Thursday, April 15, 2010

Ok, so I'm now almost 3 centimeters dilated and nearly ALL the way effaced. I'd say it's time, right?

I finished my last night of class last night and tomorrow is my last day of work. Of course, now every little pain I feel I'm sure its labor. I'll know for sure, right? Thats one of my biggest fears. I've had so many Braxton Hicks that I fear I won't know the difference. I hope my water breaks. Not just because that means Olivia will be on her way, but because it's a sure fire sign it's time!

Doc had me schedule an induction...just in case.

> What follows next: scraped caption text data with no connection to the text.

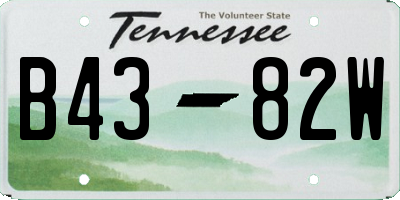 TN license plate B4382W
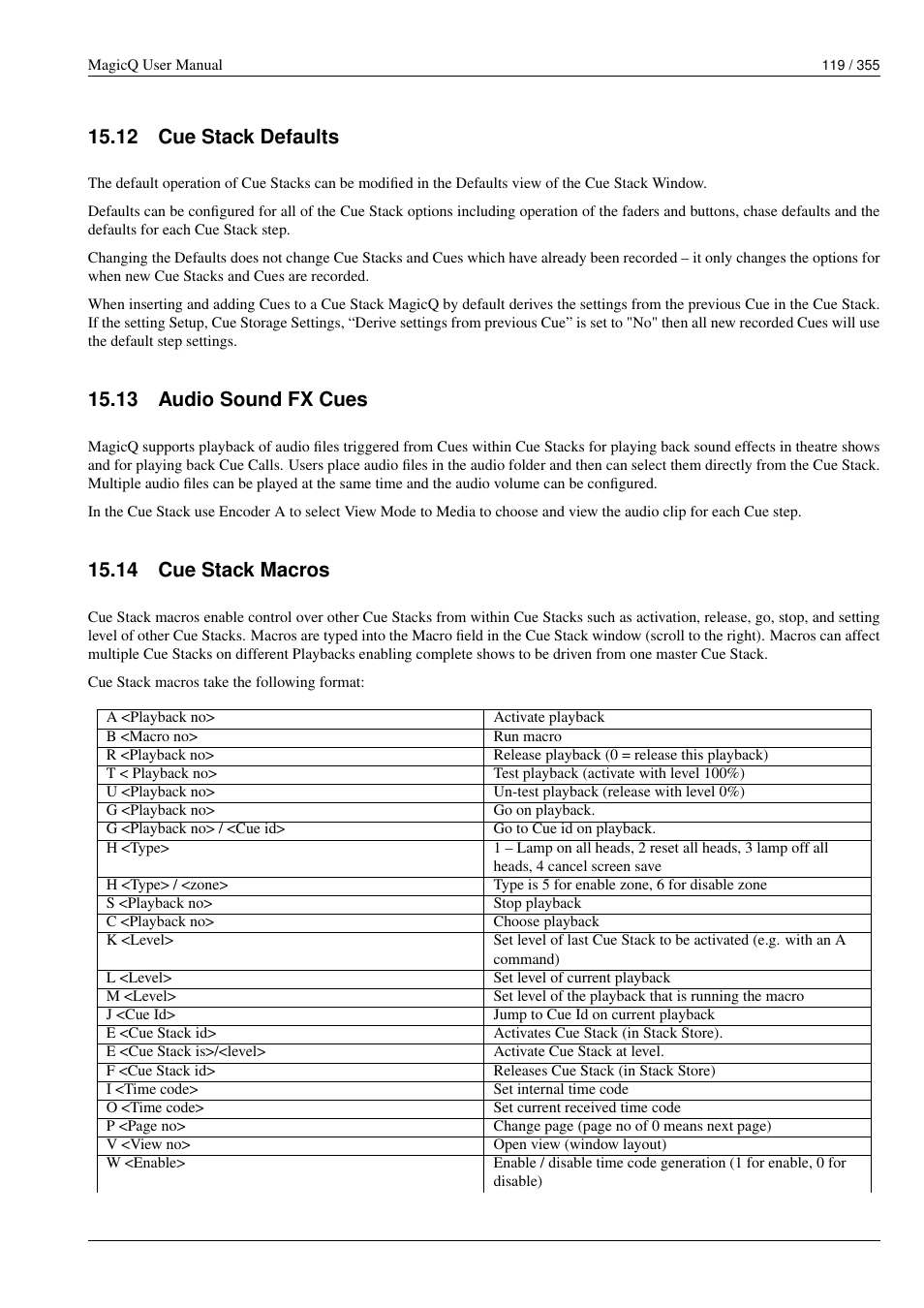 Cue stack defaults, Audio sound fx cues, Cue stack macros | 12cue stack defaults, 13audio sound fx cues, 14cue stack macros, 12 cue stack defaults, 13 audio sound fx cues, 14 cue stack macros | ChamSys MagicQ User Manual User Manual | Page 148 / 384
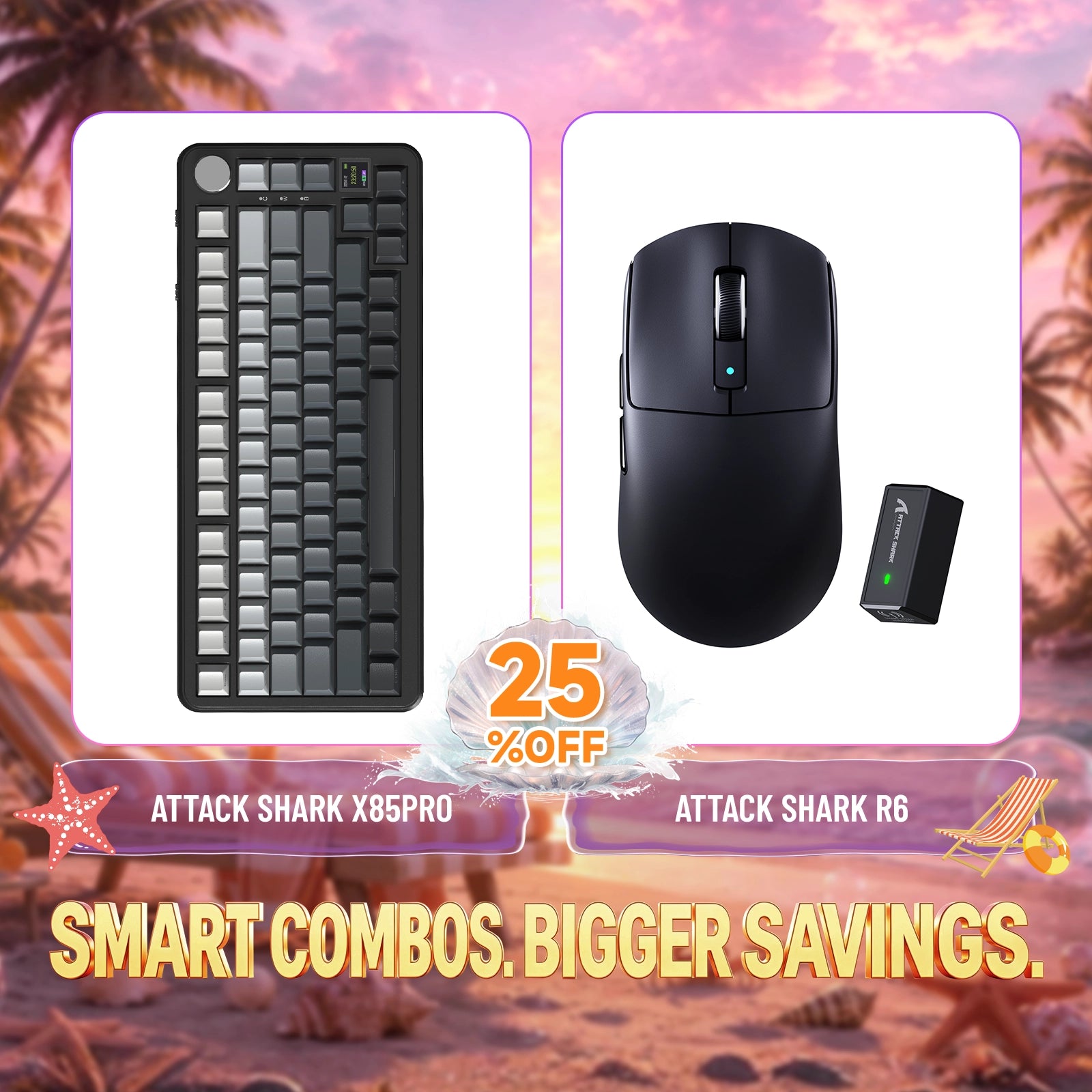 ATTACK SHARK X85PRO Tri-mode Mechaniczna klawiatura z uszczelką + zestaw bezprzewodowej myszy do gier R6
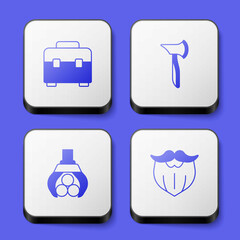 Set Toolbox, Wooden axe, Grapple crane grabbed log and Mustache and beard icon. White square button. Vector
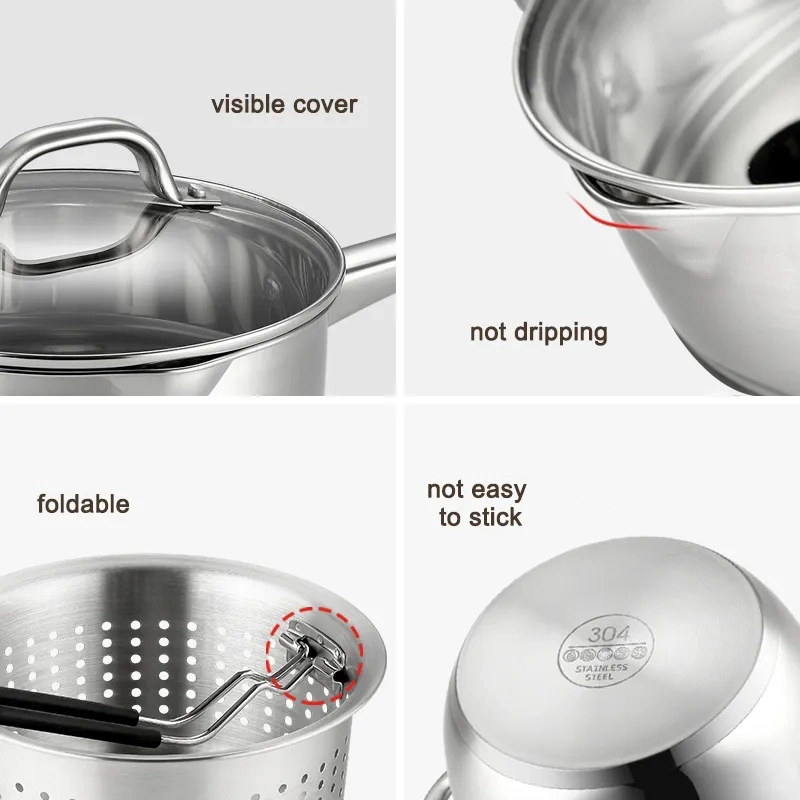 22cm Restaurant Kitchen Induction Cooker Stainless Steel Multifunction Cooking Pot Deep Frying Pot with Basket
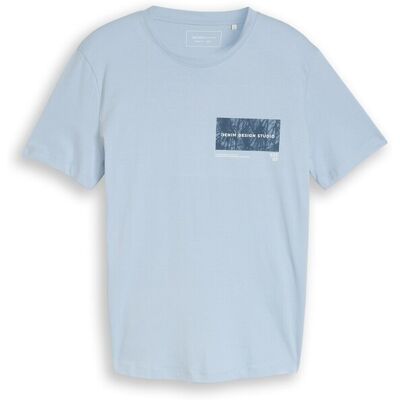 TOM TAILOR DENIM Herren T-Shirt mit Print, blau, Uni, Gr. M TOM TAILOR DENIM Herren T-Shirt mit Print, blau, Uni, Gr. M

She says since I'm already so far along on my own she would feel comfortable doing it as soon as the weekend right after my due date. So, for now, we have an induction scheduled for next Sunday, April 25. I REALLY don't want to have to use it, but her next suggestion was April 30 so the 25th sounds pretty good in comparison.

Monday, April 5, 2010

Is it too early to be impatient? We still have the better part of 3 weeks left and truthfully, right now, that seems like an eternity.

Went to the Doc this morning. Apparently I'm 90% effaced now, but still only 1 centimeter dilated. She said that could mean soon or it could mean "a few days after my due date". Huh? Late? Ick.